ADAMS, Circuit Judge,

would grant the petition for rehearing.

Statement by ADAMS, Circuit Judge, sur the denial of the petition for rehearing.

I dissent from the denial of rehearing in this case. Without addressing the merits of the panel’s conclusions on the constitutionality of the Parole Commission and Reorganization Act (PCRA) as applied, I believe that the opinion, in key passages, is inconsistent with prior decisional law of this Circuit and should therefore be resolved by this Court as a whole. In particular, the interpretation of the PCRA in the opinion runs counter to the discussion in Geraghty v.
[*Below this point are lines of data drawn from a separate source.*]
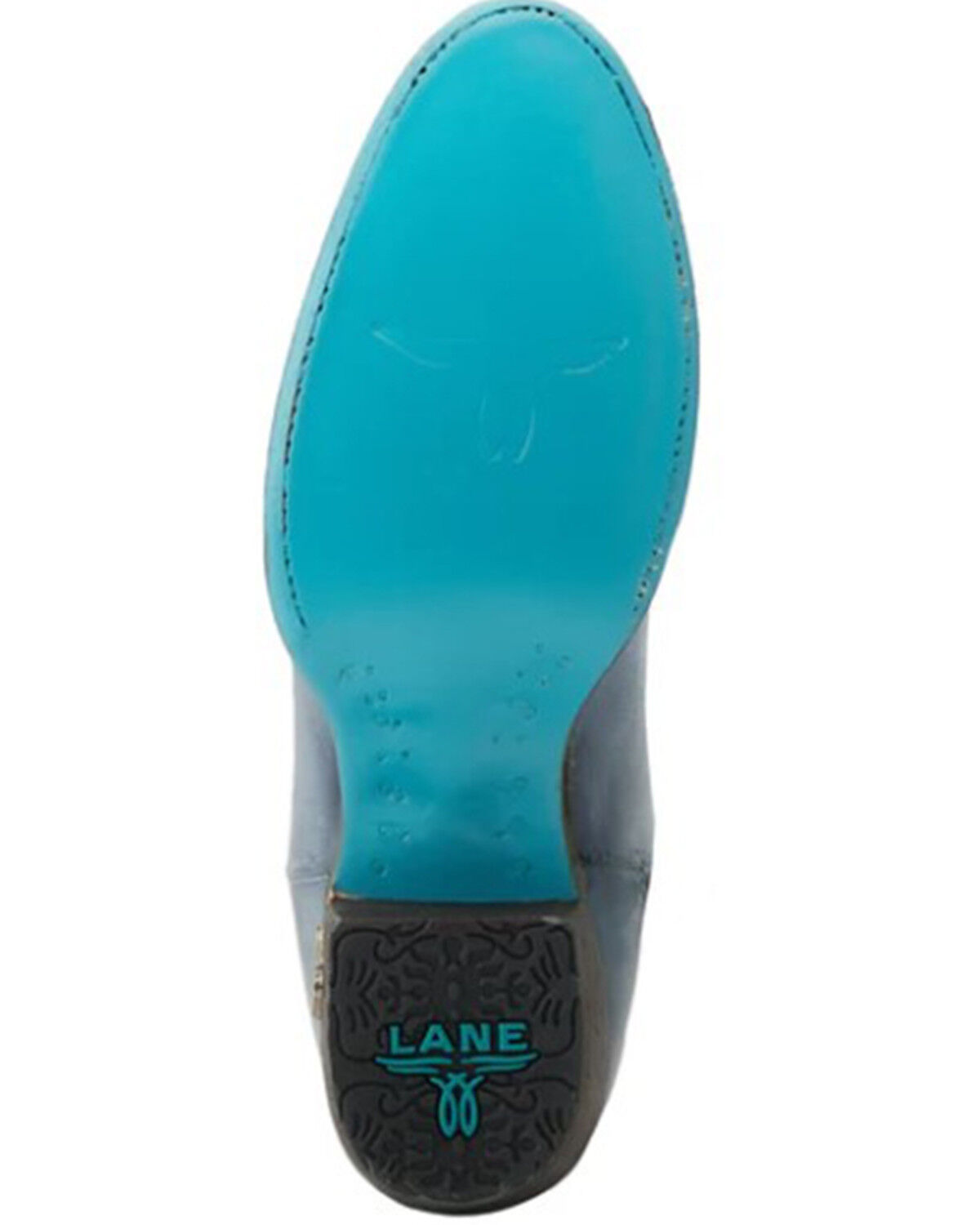 Image #7 - Lane Women's Plain Jane Western Booties - Round Toe, Blue, hi-res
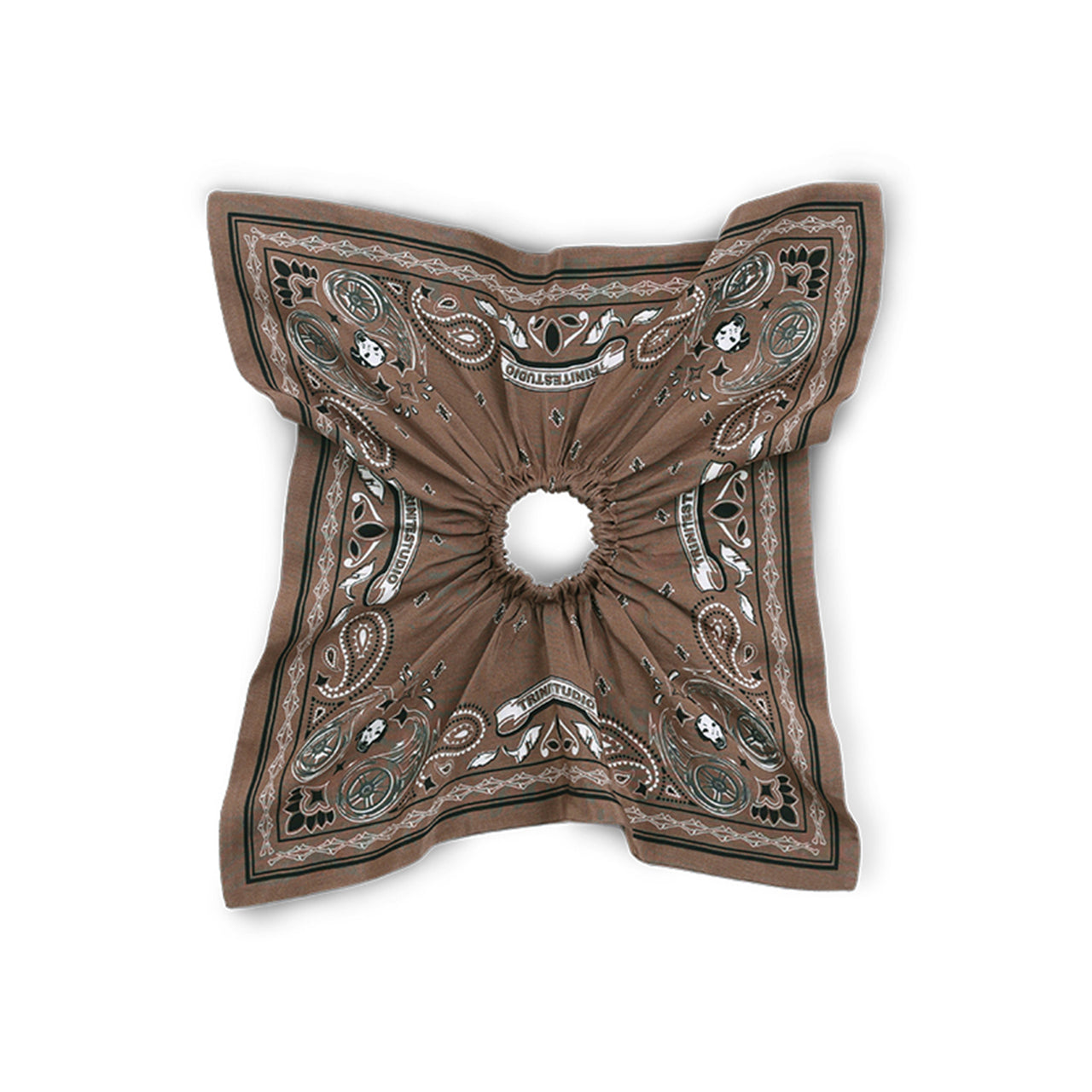 Brown/Black/Blue Street Style Paisley Bandana Hair Tie
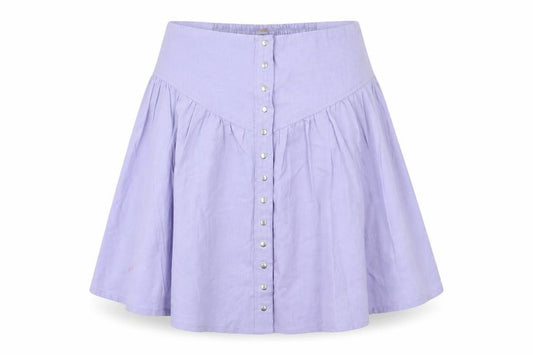 Front view of Three People women’s purple houndstooth flare skirt, size L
U.S. Parole Commission, 579 F.2d 238, 259 (3d Cir.1978). The treatment by the earlier panel of the constitutional issues raised by the Parole Commission’s assumption of traditional judicial functions was left untouched by both the Supreme Court’s vacatur of Geraghty, 445 U.S. 388, 100 S.Ct. 1202, 63 L.Ed.2d 479 (1980), as well as by its opinion reversing this Court in United States v. Addonizio, 442 U.S. 178, 99 S.Ct. 2235, 60 L.Ed.2d 805 (1979). In the latter, the Supreme Court specifically limited its discussion to the collateral habeas attack rather than to a direct constitutional challenge, as is present here. Equally significant, the ruling in Geraghty was specifically reaffirmed just four months ago in Forman v. McCall, 709 F.2d 852 (3d Cir.1983).

Because of the disparity between these opinions of this Court, I believe this case should be considered in banc as required by the Internal Operating Procedures, Chapter VIII C.